TASK TO COMPLETE → Pictures must be left out. Print the lines from the beginning of the material through the line holding "Solitaire Baguette Cut", exactly and nothing else.
= Beginning of Section =
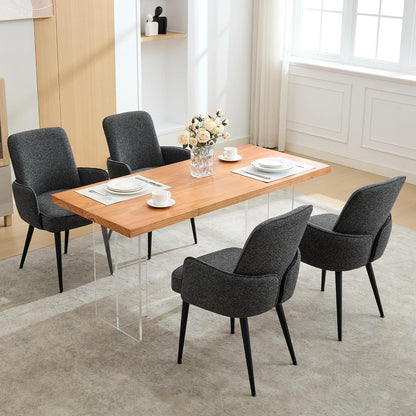 Bezoekersstoel – Vergaderstoel – Eetkamerstoel – Bureaustoel – Stoel met Armleuningen – Zachte Schuimzitkussen – Stevig Metalen Frame – Anti-slip Voeten – Set Van 2 – Zwart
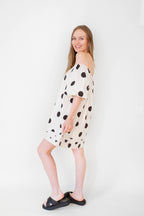 Large Polkadot Cream 100% Cotton Dress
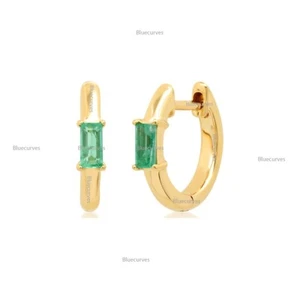 Solitaire Baguette Cut Emerald Huggies Hoops Earrings In 14K Yellow Gold Jewelry - Picture 1 of 8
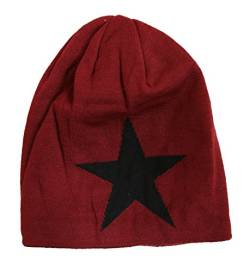 Sun Fashion Winter Sterne Strickmütze Feinstrick Mütze gefüttert (rot) von Sun Fashion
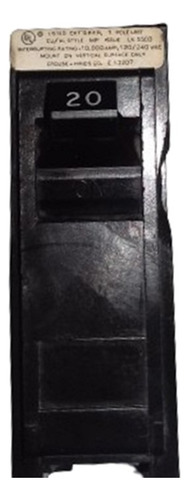Interruptor Circuito 1 P 20 A C Hinds Mp120 Arrow H (2 Pack) Negro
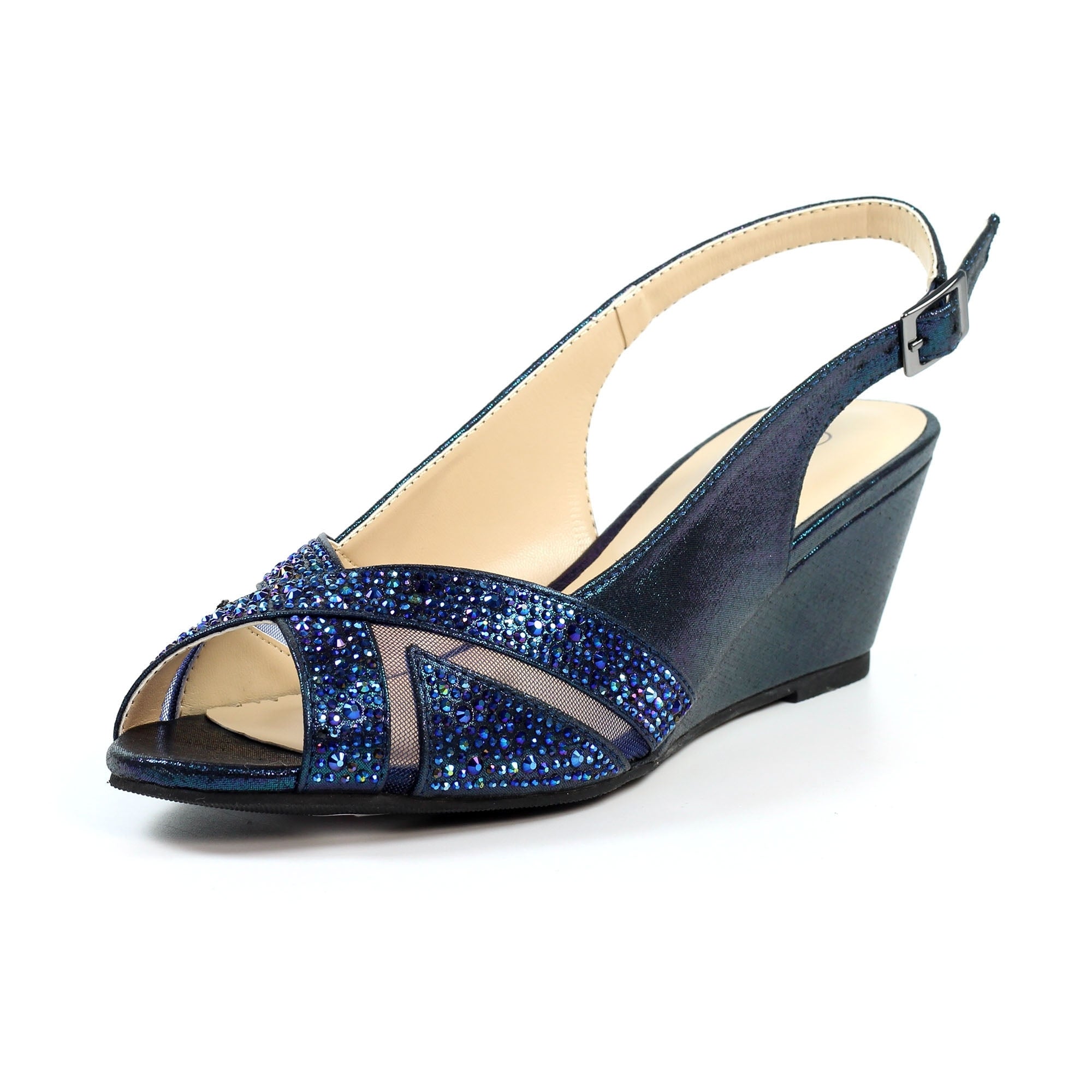 Emmerline Navy Slingback Wedge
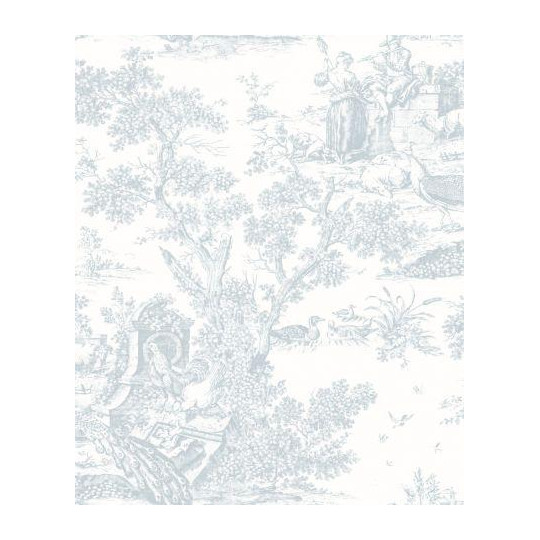 Papier peint à motifs Paon bleu doux - FONTAINEBLEAU - Casadeco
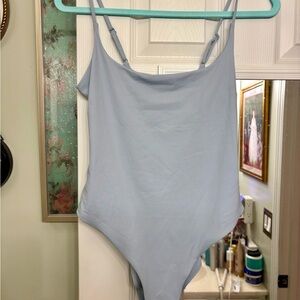 Light Blue Women's Bandeau Bodysuit with Adjustable Straps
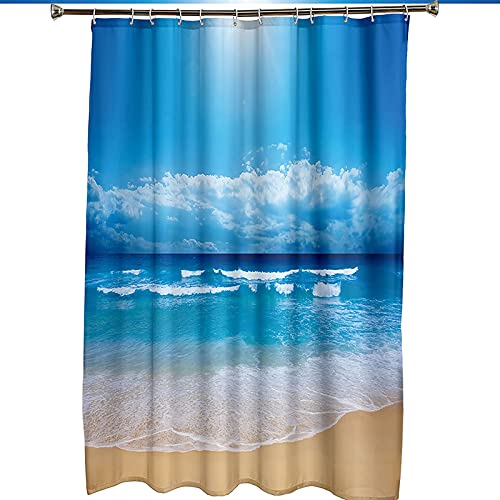 Rideau de douche 150x200cm polyester imperméable pour grand bac à douche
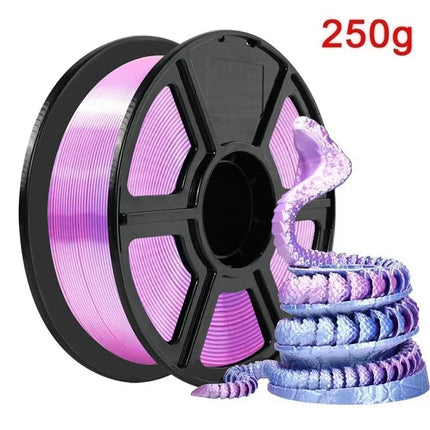 Dual Color Filament Silk PLA 1.75mm 1kg/500g/250g 3D Printer Filament High SpeedShiny PLA Multicolor Black Red Blue Bundle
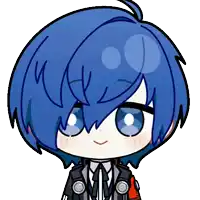 a cartoon drawing of a person with blue hair and a red pocket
= End of Section =
THE ANSWER →
 Bezoekersstoel – Vergaderstoel – Eetkamerstoel – Bureaustoel – Stoel met Armleuningen – Zachte Schuimzitkussen – Stevig Metalen Frame – Anti-slip Voeten – Set Van 2 – Zwart
 Large Polkadot Cream 100% Cotton Dress
 Solitaire Baguette Cut Emerald Huggies Hoops Earrings In 14K Yellow Gold Jewelry - Picture 1 of 8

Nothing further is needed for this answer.